Un été meurtrier

Le train espagnol
(Photo AFP)

Après le 14 juillet, les Français prennent leur distance vis-à-vis de la politique et s’intéressent, surtout s’ils sont en vacances, aux sujets de société et aux faits-divers. Les journaux se font un devoir de publier des articles culturels, exotiques, imaginatifs et laissent vagabonder la curiosité ou le talent de leurs journalistes-écrivains. Malheureusement, le mois de juillet a eu son cortège d’accidents et de catastrophes et n’a pas apporté à la politique une alternative satisfaisante.

QU’ON EN JUGE : Québec, Brétigny, Saint-Jacques de Compostelle, Suisse : quatre accidents de train l’un plus dévastateur que l’autre. À Naples, chute d’un car dans un ravin. Des dizaines de morts ici et là. Des peuples secoués par ces tragédies et solidaires des familles des victimes. Rien, vraiment, qui puisse donner un sourire à l’été. On en regretterait presque les hausses du prix de l’énergie, le chômage, la dette, la réforme des régimes de retraite. On sourirait presque de ce vol de bijoux qui, à Cannes, a rapporté 103 millions d’euros à son auteur. Mais on n’est pas vraiment intéressé. On se reprocherait presque de se dorer sur une plage pendant que se produisent ces tragédies. Mais le hasard est immoral, il frappe là où il veut, quand il veut. Tous les jours, nous nous indignons d’une foule de scandales, hexagonaux ou lointains. Nous ne savons pas intégrer la fatalité.

L’ordre secret des drames.

Bien sûr, nous cherchons, phénomène bien connu, une sorte d’ordre qui expliquerait ce désordre. Ce serait la faute d’un conducteur de train, ce serait celle de la compagnie ferroviaire, ce serait un attentat, ce serait non pas l’inéluctable mais une absence de vigilance, de prévention, de surveillance, de mesures sécuritaires. On pourrait soigner le mal. On devrait tout reprendre à partir de zéro. On ne s’embarquera plus sur un train si toutes les éclisses n’ont pas été vérifiées, si on ne s’est pas assuré que le conducteur n’est ni drogué ni ivre.
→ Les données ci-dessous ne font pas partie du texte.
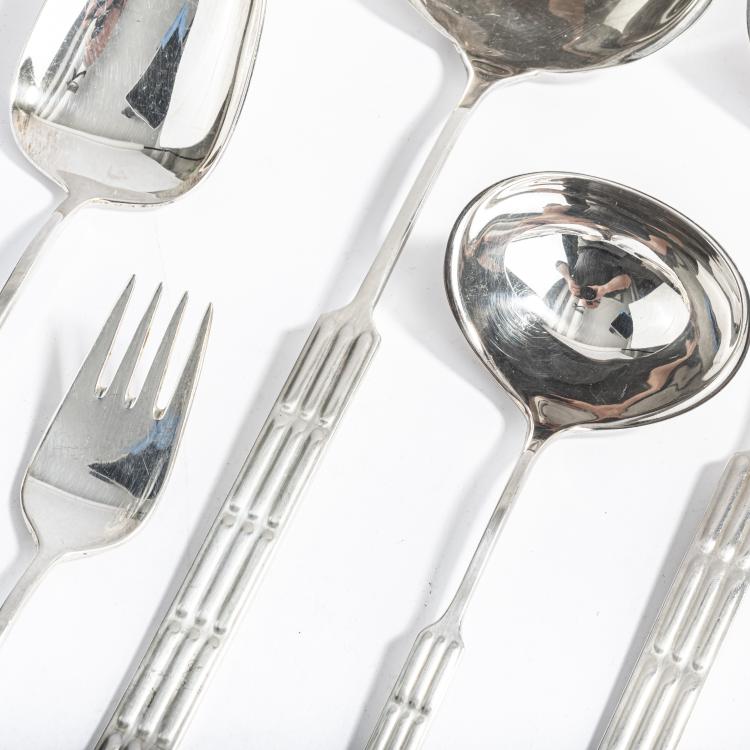 Bild 1 zu Objekt, 'Model 1963' cutlery for six people, 1963, Wilhelm Braun-Feldweg, Britanniawarenfabrik W. Seibel, Mettmann, 157A 129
Prévoir, c’est empêcher, n’est-ce pas ? On peut tout éviter si on se calfeutre à la maison, si on n’utilise plus sa voiture, les routes, les voies ferrées, les lignes aériennes. C’est la tentation de la survie, aggravée, ces dernières années, par l’adoption du principe de précaution, formidable instrument qui permet à chacun des 65 millions de Français d’exiger de l’État de prendre des mesures exceptionnelles de sécurité en toute circonstance.

Laisser une place à l’impossible.

On ne convaincra pas l’opinion avec des statistiques. On ne la persuadera pas que l’avion et le train font infiniment moins de morts que les accidents domestiques, la bicyclette, l’auto et la moto. Inversement, les ingénieurs admirables qui conçoivent les moyens de transport, ont mis au point des machines et des systèmes de sécurité qu’ils présentent comme infaillibles. C’est ainsi qu’on a estimé, après le terrible accident de l’avion Rio-Paris, que l’appareil ne pouvait en aucun cas sombrer dans l’océan, ce que pourtant il a fait. Erreur humaine ? Excès de technologie avancée ? Il est peut-être temps de laisser une place à l’impossible ou à l’improbable et d’en faire des facteurs de fatalité. De ne pas ériger le principe de précaution en critère ultime de santé publique. L’important, c’est qu’une société fasse tout ce qui est en son pouvoir pour éviter les effets pervers de la technologie ou de la science. Mais le progrès a un prix.

RICHARD LISCIA

PS- Je m’absente pendant  deux semaines. Je reprendrai la publication quotidienne de ce blog le lundi 19 août. Merci à ceux qui me suivent.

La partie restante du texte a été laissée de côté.